## Task brief
Would you copy the lines below exactly and omit the images?

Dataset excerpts
________________________________________

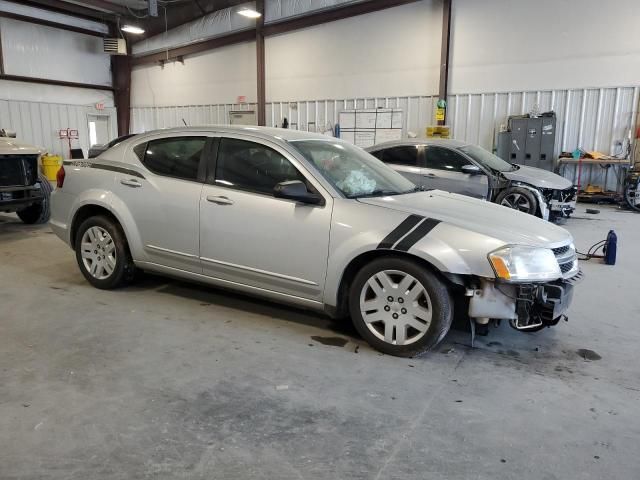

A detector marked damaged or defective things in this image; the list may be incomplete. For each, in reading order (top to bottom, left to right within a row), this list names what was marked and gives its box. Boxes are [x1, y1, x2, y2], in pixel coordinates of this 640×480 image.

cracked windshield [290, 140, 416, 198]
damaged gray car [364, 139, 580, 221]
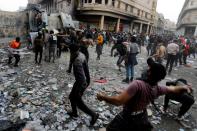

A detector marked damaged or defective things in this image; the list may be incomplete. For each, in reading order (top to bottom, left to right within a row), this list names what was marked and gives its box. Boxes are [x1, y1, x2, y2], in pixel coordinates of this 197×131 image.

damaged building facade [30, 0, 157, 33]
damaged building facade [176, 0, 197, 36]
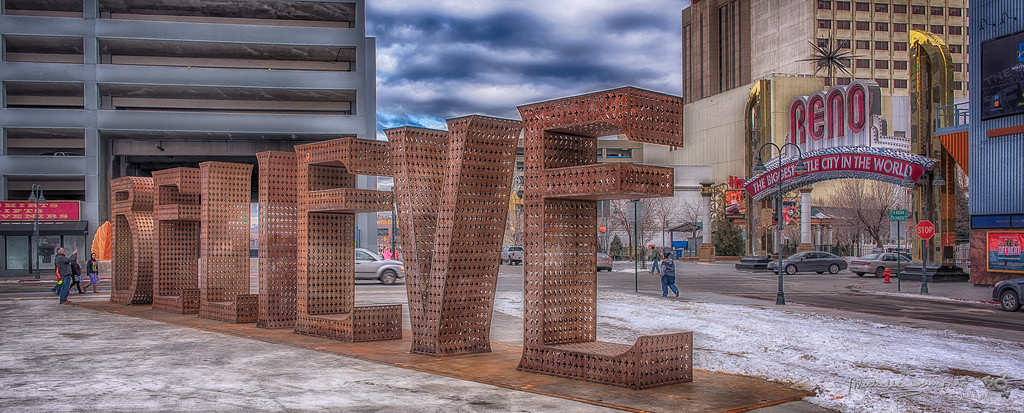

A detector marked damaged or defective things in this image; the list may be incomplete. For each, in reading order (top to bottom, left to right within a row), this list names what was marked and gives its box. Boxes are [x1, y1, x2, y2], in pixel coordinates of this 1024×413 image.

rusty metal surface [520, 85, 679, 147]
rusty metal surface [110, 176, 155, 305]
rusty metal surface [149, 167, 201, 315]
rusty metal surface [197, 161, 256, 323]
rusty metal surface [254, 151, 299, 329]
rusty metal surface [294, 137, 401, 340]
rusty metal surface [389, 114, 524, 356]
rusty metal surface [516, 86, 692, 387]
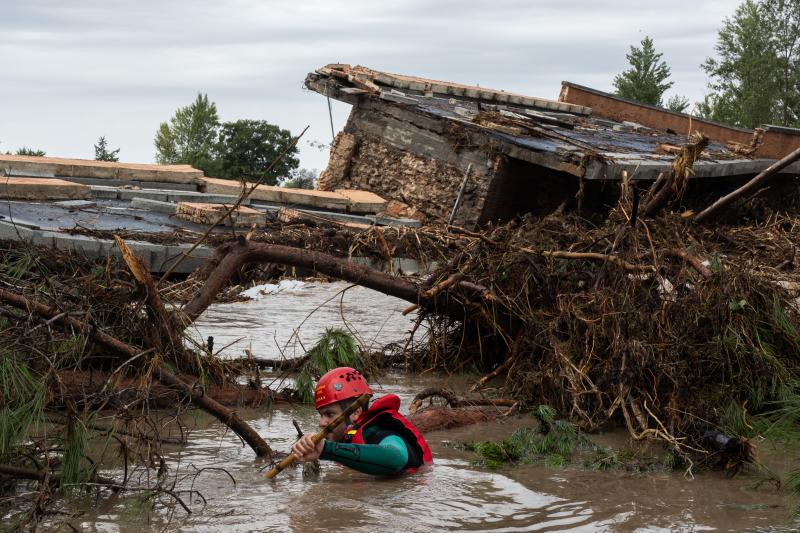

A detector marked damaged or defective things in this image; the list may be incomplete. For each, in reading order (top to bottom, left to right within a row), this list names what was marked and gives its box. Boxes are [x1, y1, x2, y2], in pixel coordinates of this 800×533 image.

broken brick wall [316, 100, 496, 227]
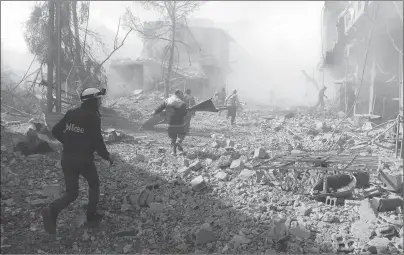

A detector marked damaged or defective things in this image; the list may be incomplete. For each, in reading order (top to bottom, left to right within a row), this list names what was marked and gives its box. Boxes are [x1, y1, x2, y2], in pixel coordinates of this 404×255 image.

________________________________________

## Response
A detector marked damaged or defective things in this image; the list may be incomplete. For each, in reading order (top to bottom, left to right within a row), this list names what was marked and gives its box. Boxes are [x1, y1, x2, y2], in pixel coordinates of this 640×480 image.

cracked windshield [290, 140, 416, 198]
damaged gray car [364, 139, 580, 221]

A detector marked damaged or defective things in this image; the list may be incomplete. For each, in reading order (top to bottom, left to right within a row), this list names what was marked and gives its box. Boxes are [x1, y1, x2, y2], in pixel coordinates of this 197×131 image.

damaged building facade [30, 0, 157, 33]
damaged building facade [176, 0, 197, 36]

A detector marked damaged or defective things in this image; the list may be incomplete. For each, in reading order (top to bottom, left to right within a row), this list names what was marked and gives its box. Boxes are [x1, y1, x2, y2], in pixel coordinates of this 1024×413 image.

rusty metal surface [520, 85, 679, 147]
rusty metal surface [110, 176, 155, 305]
rusty metal surface [149, 167, 201, 315]
rusty metal surface [197, 161, 256, 323]
rusty metal surface [254, 151, 299, 329]
rusty metal surface [294, 137, 401, 340]
rusty metal surface [389, 114, 524, 356]
rusty metal surface [516, 86, 692, 387]

A detector marked damaged or defective things in this image; the list may be incomplete. For each, in reading order (top to bottom, left to right within a row), this list names what was marked and gives its box. Boxes are [x1, y1, x2, y2], in pixel coordinates of this 800×533 image.

broken brick wall [316, 100, 496, 227]

A detector marked damaged or defective things in this image; the list may be incomplete. For each, in reading order (top to bottom, left to right within a row), this list names what was marked and gives its box. Boxes are [x1, y1, x2, y2], in pixel coordinates of this 404×255 image.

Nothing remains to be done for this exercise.